Life is so simple yet so complicated. It was only a few days back, when everything was going very simple and easy. Good job, decent pay pack, easy living, happy family. what more can one ask for.
And now, I have an offer with me. An offer that lured me with from my simple living to a complicated one. An offer which showed me how a happy mind can so easily turn itself to an unhappy one, asking for more and more.
Money, the Gandhi notes. I find this to be the biggest irony of all. Printed on each face of the currency is the face of a man who prophecies equality, selflessness, and love. Printed on that note which is the core reason for all the greed, selfishness and violence. Life sure is strange.
When I received the offer, Am I not worth more?
What is it that I want? They say, Man is considered successful when he earns more than what he can spend.

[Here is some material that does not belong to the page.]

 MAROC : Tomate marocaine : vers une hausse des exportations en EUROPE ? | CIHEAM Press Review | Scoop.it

For that matter, when he earns more than what his wife can spend. And a women is considered successful when she finds such a man.
But jokes apart, Will money ever satisfy anyone. Is money everything? Money, lack of it will certainly give a lot of unhappiness. But having plenty of it will not guarantee any happiness.

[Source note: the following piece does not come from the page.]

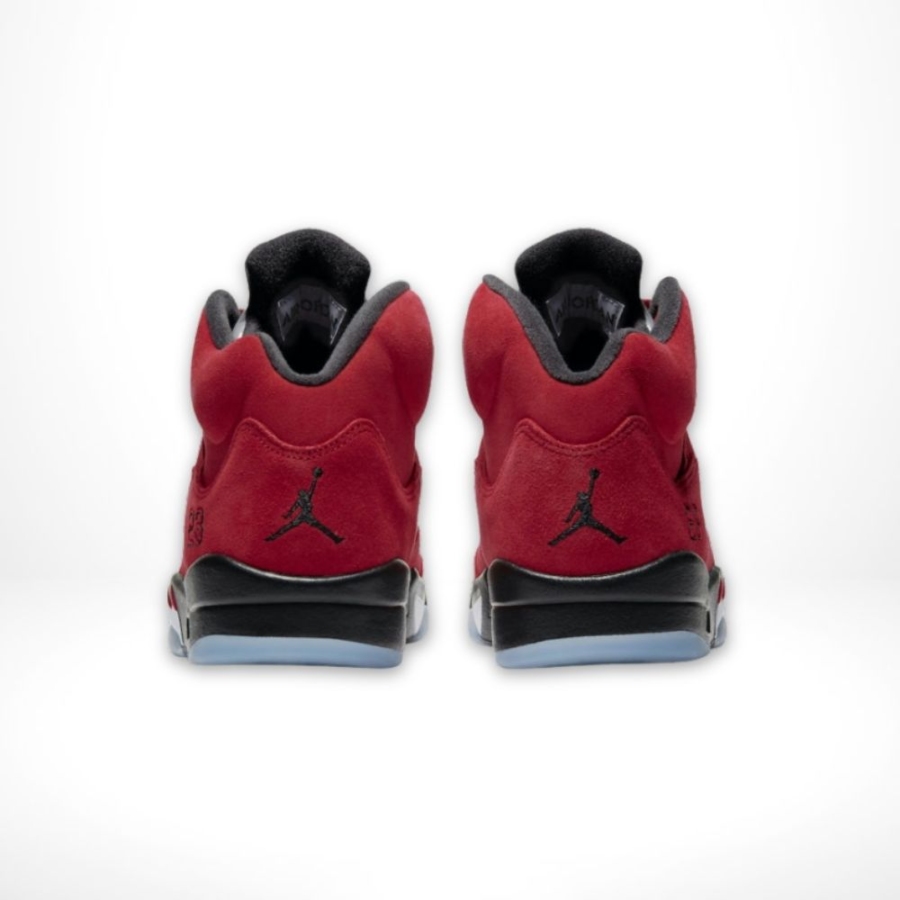 Rear view of Air Jordan 5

Then what is happiness? This is a question that everyone has to ask to him selves. To seek within one selves. To do find out what one really wants to do in life.
Coming back to my primary confusion, should I opt for the new job which offers me the the heaven and the world as claims the HR. Or should I opt for the same happy life, which has been spoilt by the offers the world offers. Whether I should leave my comfort zone to explore the vast unknown, to face new challenges, and tackle unknown problems.
I choose to keep moving. keep sailing. On the ocean of life. sailing on the sea to the vast unknown. Into the vast unknown.